Image-caption web data:
____

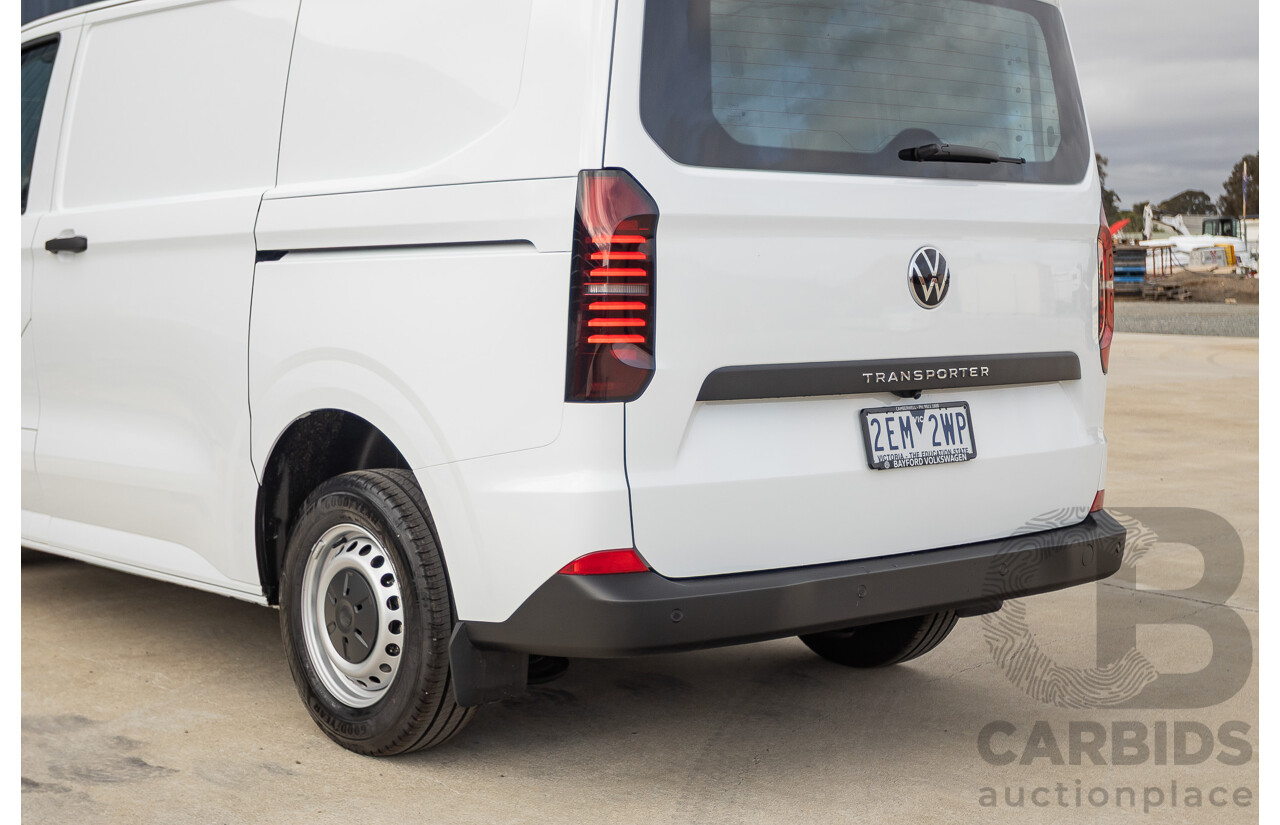 12/2025 Volkswagen Transporter TDI390 SWB Lite MY25 3d Van White Turbo Diesel 2.0L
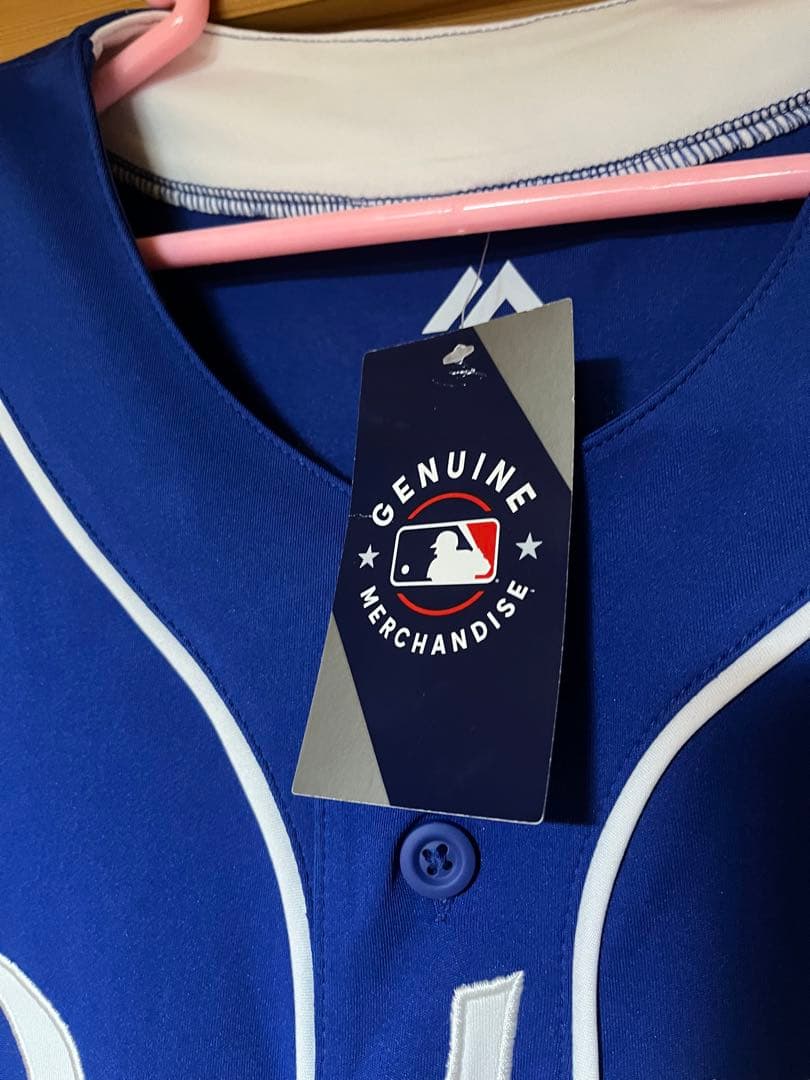 ドジャース MLB メジャーリーグ ベースボールシャツ ゲームシャツ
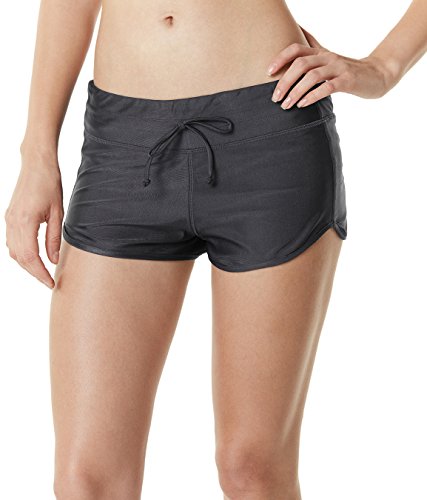 TSLA Women's Swim Shorts, Quick Dry Water Beach Board Short, Tankini Bathing Athletic Swimsuit Bottoms
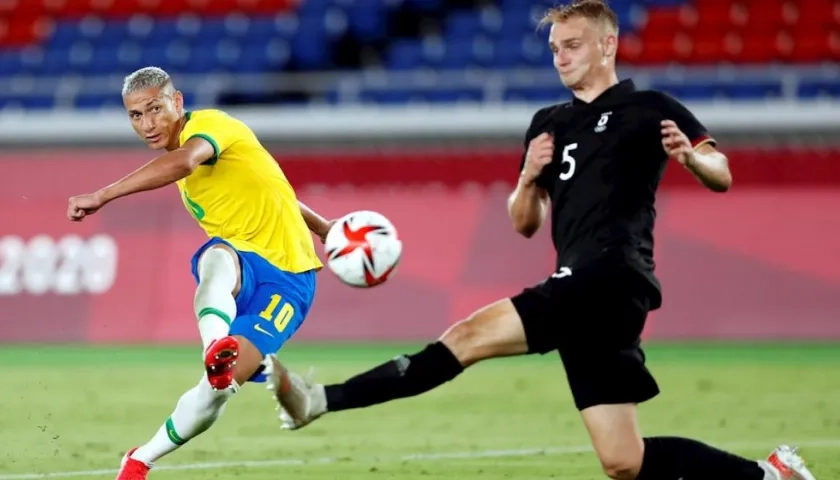 El atacante brasileño Richarlison.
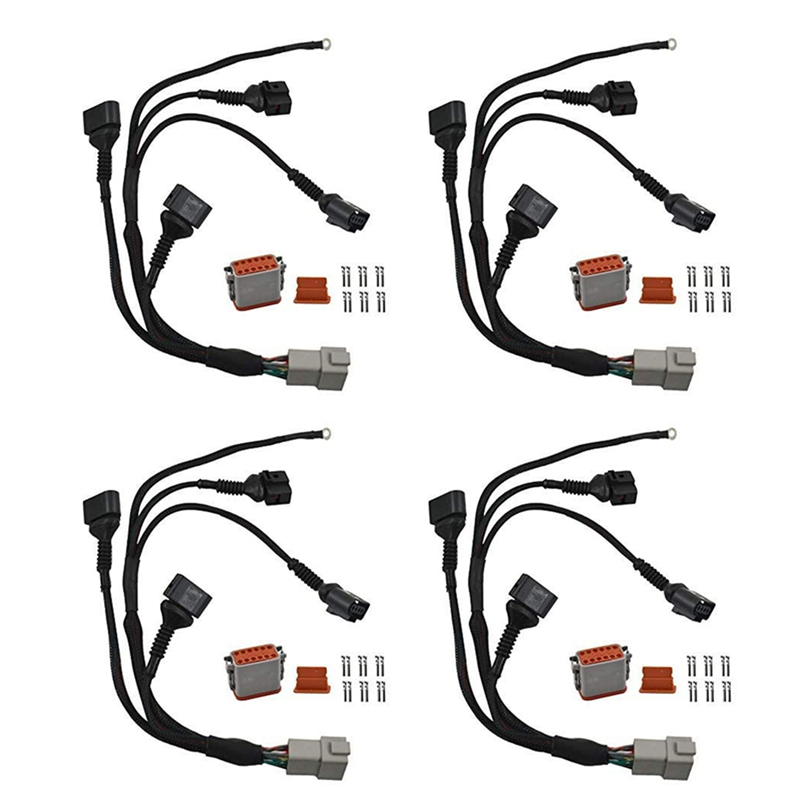 FORIDE 4X 1.8T Ignition Coil Wiring Harness for 1997-2006 TT A4 Golf 1.8L Turbocharged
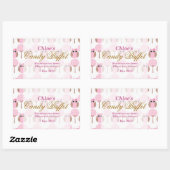 Whimsical Uil Verjaardag Snoep Buffet Sticker (Vel)
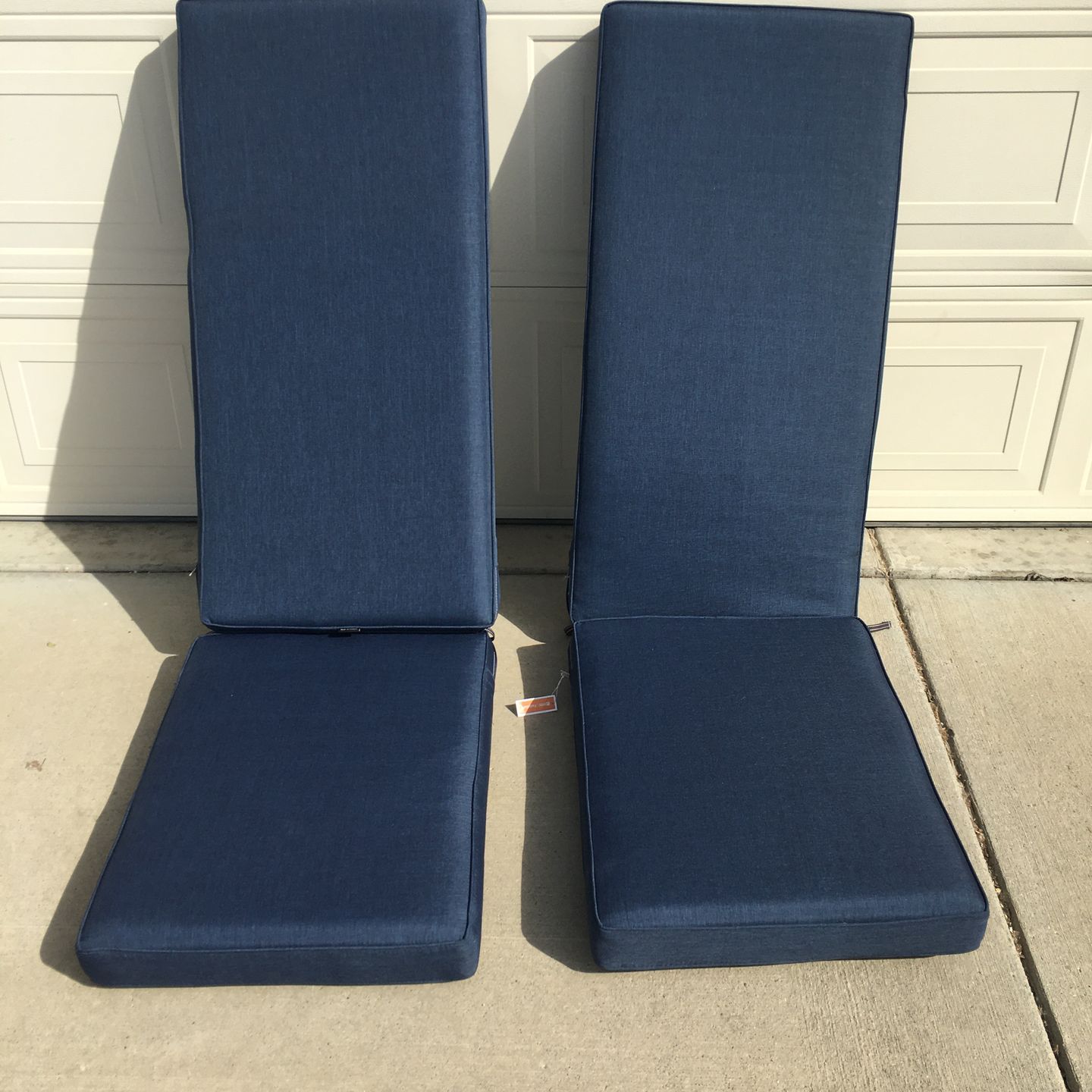 Two outdoor lounge cushions 72”L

____

EXERCISE DESCRIPTION -
Would you return all the data exactly as given, minus the pictures?

RESPONSE AREA -
 12/2025 Volkswagen Transporter TDI390 SWB Lite MY25 3d Van White Turbo Diesel 2.0L
 ドジャース MLB メジャーリーグ ベースボールシャツ ゲームシャツ
 TSLA Women's Swim Shorts, Quick Dry Water Beach Board Short, Tankini Bathing Athletic Swimsuit Bottoms
 El atacante brasileño Richarlison.
 FORIDE 4X 1.8T Ignition Coil Wiring Harness for 1997-2006 TT A4 Golf 1.8L Turbocharged
 Whimsical Uil Verjaardag Snoep Buffet Sticker (Vel)
 Two outdoor lounge cushions 72”L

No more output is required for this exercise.